Who knew it would take Carl Icahn to make Apple interesting again?
Yes, that’s a broad overstatement, but after spending the first half of 2013 losing about 25% of its market capitalization, technology’s former Public Darling No. 1 has found its shares crawling upward.
About one-third of the stock’s 18% gain over the past month came from the news that uber-investor Icahn picked up about $1.5 billion of Apple’s stock, because – surprise! – he finds it “extremely undervalued.”1 Icahn hasn’t uttered much in the way of his wishes for the tech giant, other than his hope that the company will ramp up its stock buyback program, which Icahn contends would push its shares back above $700 – where they briefly sat in the fall of 2012 (AAPL shares closed yesterday at $502.96).
However, strip away the buzz surrounding Icahn’s stake, and one could wonder: Wasn’t there independently enough to like about Apple’s stock when it fell below $400 earlier this summer? After all, Apple’s fall-and-rise has been, intuitively enough, a result of investor perceptions about the company’s product lineup.
Once the stock hit $700 on the momentum of its newest iPhone model, the company’s value started to erode as investors began to question what, if anything, was going to be next to drive growth. And for a number of months, the fear seemed to be: not much.
Now, however, some investors are attracted by the buzz surrounding new product enhancements (an iWatch, new iPhone and iPad models) as well as the possibility of increased buybacks and further dividend payouts.

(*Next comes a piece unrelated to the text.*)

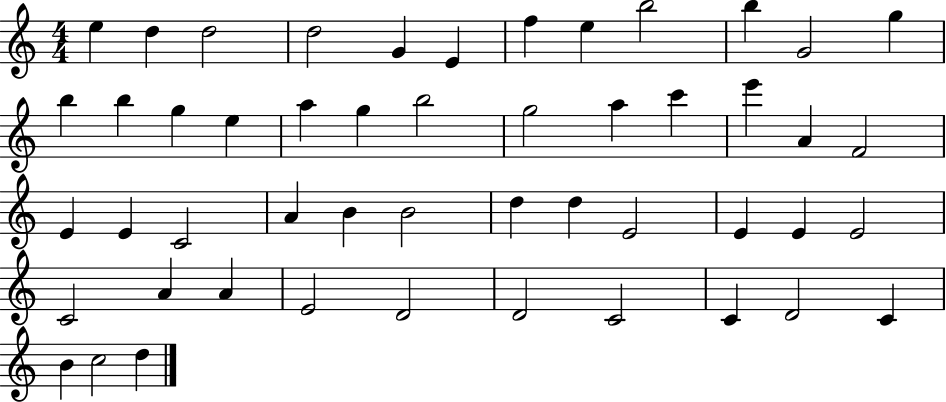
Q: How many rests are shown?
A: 0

Inherent in that positive vibe, however, is the belief that the mobile internet sector is still ripe for growth. Look, for example, at mobile chip giant Qualcomm, which has gained 8.5% in the past month amid Apple’s own runup.
Last week, Canaccord Genuity analyst Mike Walkley wrote in a research note that he believed Qualcomm’s September quarter would show that its license revenue was holding firm. Even though more lower-cost smartphones are being sold, they’re replacing even cheaper “feature phones” in some markets, while the most expensive smartphones still have “strong” sales in developed markets.2
Apple and Qualcomm shares make up about a 41% weighting in the Mobile Internet Tsunami motif, which is up 3.5% in the past month. During that same period, the S&P 500 has lost 1.9%. So far in 2013, the motif has gained 3.0%; the S&P 500 is up 14.8%.
Of course, nothing guarantees that consumers will keep up their embrace of mobile devices, either from Apple or anyone else. On the other hand, history has shown that betting against mobile internet stocks immediately before or after new Apple product releases has not been a winning strategy.
1Sam Gustin, “Carl Icahn Bites Apple for a Taste of Cash, Innovation on the Side,” time.com, Aug. 14, 2013, http://business.time.com/2013/08/14/carl-icahn-bites-apple-for-a-taste-of-cash-with-innovation-on-the-side/, (accessed Aug. 20, 2013).
2Tiernan Ray, “QCOM: Smartphone Growth Helped Sept. Q, Says Canaccord, barrons.com, Aug. 20, 2013.